SELECT * FROM products
ORDER BY created_at DESC
LIMIT 20 OFFSET 24000;

It returns 20 rows, so it looks correct. But the query plan tells the truth. Postgres scans the index in created_at order until it has read 24020 rows, sorts them if needed, then returns the last 20. The cost is O(offset + limit). Page 1 costs 20 rows. Page 1000 costs 20,020 rows. The latency graph is a straight line upward, and your database CPU graph follows it.

The row-shifting problem is harder to see in metrics and easier to see in angry tickets. If a row is inserted or deleted between the query for page 12 and the query for page 13, the window slides. A product that was row 240 on page 12 becomes row 241 on page 13. Page 12 shows it at the bottom. Page 13 shows it at the top. To the user, the same item appears twice. If a row is deleted, a slot disappears entirely. Neither bug is catchable by unit tests unless your test suite simulates concurrent inserts during paginated reads, which almost nobody’s does.

How cursor pagination actually works

Instead of asking the database to skip 24,000 rows, you remember where you stopped and ask for the next 20 rows after that point.

SELECT * FROM products
WHERE (created_at, id) < ('2024-06-01T10:30:00Z', 48291)
ORDER BY created_at DESC, id DESC
LIMIT 21;

The database uses the index to find the starting position, then walks forward exactly 21 rows. The cost is O(limit) regardless of how deep you are in the list. Page 1 and page 10,000 cost the same.

Because the query is anchored to a real value — a timestamp and an ID — inserting a new row at the top does not shift the boundary between page 12 and page 13. The new row falls before the cursor, so it simply does not appear in the current traversal. No duplicates, no missing items. The trade-off is that you can no longer jump directly to page 437. That is usually fine. Users almost never jump to page 437 unless you are building an admin tool.

Choosing the cursor column

The cursor must be a combination of columns that is:

  1. Strictly ordered — the ORDER BY clause you expose to the client.
  2. Indexed — otherwise the WHERE clause is a sequential scan and you have solved nothing.
  3. Unique — or combined with a unique tie-breaker. If you sort by created_at alone and two rows have the same timestamp, the relative order is undefined between queries.
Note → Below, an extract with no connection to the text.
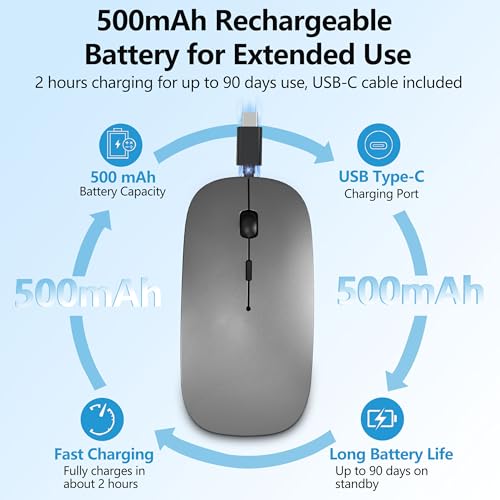Silm Bluetooth Wireless Mouse for MacBook & iPad with Jiggler, Gray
The database can return them in different orders on different pages, producing the same duplication bug you were trying to escape.
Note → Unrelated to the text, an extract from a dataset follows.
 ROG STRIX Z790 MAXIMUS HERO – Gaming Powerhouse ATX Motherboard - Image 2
The safest default is a composite sort: the business column you want to sort by, plus the primary key as a tie-breaker.

CREATE INDEX idx_products_cursor
ON products (created_at DESC, id DESC);

If your primary query is ORDER BY created_at DESC, id DESC, the index covers the sort and the filter. Use EXPLAIN (ANALYZE, BUFFERS) to confirm an index scan, not a heap scan with a filter node. If you see a sort step in the plan, the index does not match the ORDER BY and the database is reordering every page.

Forward pagination: the query builder

The API receives a ?cursor= string. Decode it, run the query, encode the last row of the result set as the next cursor, and return it. Request 21 rows instead of 20. If the 21st row exists, there is another page. Strip it before returning the response.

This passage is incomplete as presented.